Additionally, Sen. Bomke proposed permitting voters to recall the governor. That measure was blocked by, you guessed it, Emil Jones, a loyal Blagojevich supporter.
This governor has spent money the General Assembly did not authorize him to spend. He maintains what amounts to slush funds inside the budget to hand out to his loyal supporters as he sees fit. He has declared war on Springfield as a city, and central Illinois as a region.
The capital of the state is Springfield, not Chicago or Harrisburg. This governor flies into Springfield on a taxpayer-paid plane and out again the same day. He uses the state aircraft like a taxi. Speaking of offering proposals, Sen. Bomke has proposed grounding Air Blagojevich to one flight a week.
Mr. Fisher proposed sending another Blagojevich Democrat to the state Senate. That is the last thing we need. We need to keep Sen. Bomke in office.
ALL LIT UP
Everyone is saying how high their electric bills are, while Ameren reaps record profits. We are forever trying to think of ways to cut down on our bill so we can afford to pay it. These include turning our thermostats down in the winter lower than we've ever had them before and trying the new energy-saving lightbulbs. Why can't Ameren do their part? I tried calling Ameren and got no results. Why, on this bright sunny day at noon with barely a cloud in the sky, are the highway lights behind my house on I-72 going out of Decatur to the west toward Springfield all lit up as far as I can see, burning away and using up electricity unnecessarily?
PROTECT THE CHILDREN
Recently, the Illinois House restored more than $218 million in cuts to
vital human services made by the governor, including more than $27
million to the Illinois Department of Children and Family Services. As a
private human service organization dedicated to protecting children and
strengthening families, Kids Hope United is greatly appreciative.

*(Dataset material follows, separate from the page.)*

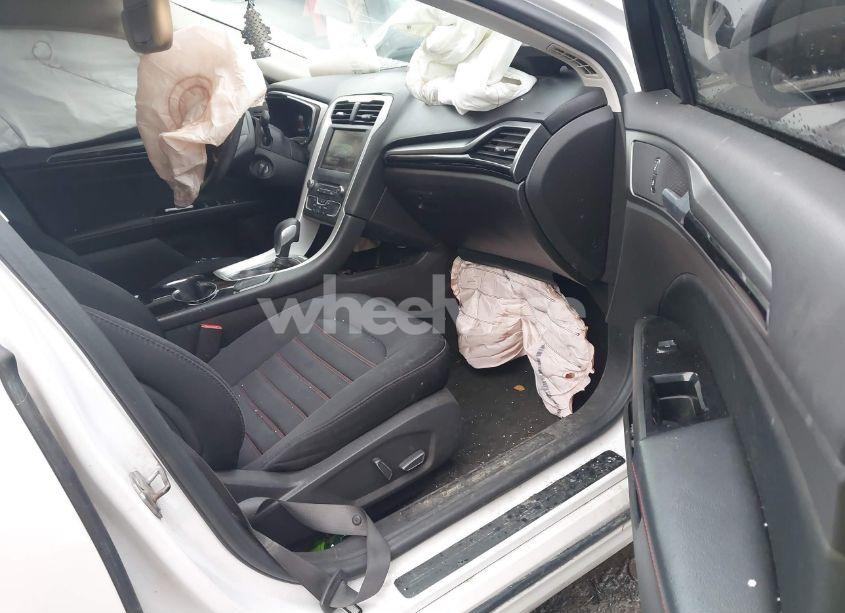 Photo 5 of 2016 Ford Fusion SE (VIN 3FA6P0H73GR298888)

This is a step in the right direction, but funding needs to be fully
restored — and as soon as possible.
To date, the Illinois Department of Children and Family Services has
experienced a total of more than $45 million in cuts that will affect a
variety of programs, including residential, independent living, foster
care, counseling and adoption support programs. These are all programs
that support the security and well-being of children and families in the
face of their difficult personal obstacles now and in the future.
Kids Hope United alone faces a 42 percent cut to System of Care funding
that will cost us $800,000 in fiscal year 2009. System of Care works to
stabilize children in their foster homes to prevent unnecessary changes
in placement — keeping children from "bouncing around" from foster
home to foster home. Such a cut will force us to cut in half our staff
serving 25 counties and, consequently, serve fewer vulnerable children
Though legislators are increasingly faced with making hard decisions
during this tough economic time, it is imperative that we protect our
most vulnerable citizens — our children.